Every entry should be reproduced word for word.

[[ Supplied records, beginning ]]

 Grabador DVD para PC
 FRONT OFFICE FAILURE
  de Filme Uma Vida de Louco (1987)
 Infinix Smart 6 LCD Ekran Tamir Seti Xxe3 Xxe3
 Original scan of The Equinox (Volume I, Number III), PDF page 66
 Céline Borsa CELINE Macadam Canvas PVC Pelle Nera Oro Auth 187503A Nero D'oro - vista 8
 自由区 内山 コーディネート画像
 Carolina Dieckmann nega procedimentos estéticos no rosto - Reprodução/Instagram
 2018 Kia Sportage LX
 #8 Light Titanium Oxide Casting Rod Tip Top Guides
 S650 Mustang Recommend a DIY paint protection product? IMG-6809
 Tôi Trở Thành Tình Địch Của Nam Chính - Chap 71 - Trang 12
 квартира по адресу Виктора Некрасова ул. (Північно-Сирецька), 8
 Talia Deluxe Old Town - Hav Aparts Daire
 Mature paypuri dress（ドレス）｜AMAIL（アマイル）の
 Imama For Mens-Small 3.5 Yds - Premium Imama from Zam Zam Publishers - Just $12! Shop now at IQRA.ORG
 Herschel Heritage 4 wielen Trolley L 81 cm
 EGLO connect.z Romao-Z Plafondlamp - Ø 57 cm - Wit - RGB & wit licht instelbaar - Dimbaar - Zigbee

[[ Supplied records, end ]]

> _Solved exercise_
 Grabador DVD para PC
 FRONT OFFICE FAILURE
  de Filme Uma Vida de Louco (1987)
 Infinix Smart 6 LCD Ekran Tamir Seti Xxe3 Xxe3
 Original scan of The Equinox (Volume I, Number III), PDF page 66
 Céline Borsa CELINE Macadam Canvas PVC Pelle Nera Oro Auth 187503A Nero D'oro - vista 8
 自由区 内山 コーディネート画像
 Carolina Dieckmann nega procedimentos estéticos no rosto - Reprodução/Instagram
 2018 Kia Sportage LX
 #8 Light Titanium Oxide Casting Rod Tip Top Guides
 S650 Mustang Recommend a DIY paint protection product? IMG-6809
 Tôi Trở Thành Tình Địch Của Nam Chính - Chap 71 - Trang 12
 квартира по адресу Виктора Некрасова ул. (Північно-Сирецька), 8
 Talia Deluxe Old Town - Hav Aparts Daire
 Mature paypuri dress（ドレス）｜AMAIL（アマイル）の
 Imama For Mens-Small 3.5 Yds - Premium Imama from Zam Zam Publishers - Just $12! Shop now at IQRA.ORG
 Herschel Heritage 4 wielen Trolley L 81 cm
 EGLO connect.z Romao-Z Plafondlamp - Ø 57 cm - Wit - RGB & wit licht instelbaar - Dimbaar - Zigbee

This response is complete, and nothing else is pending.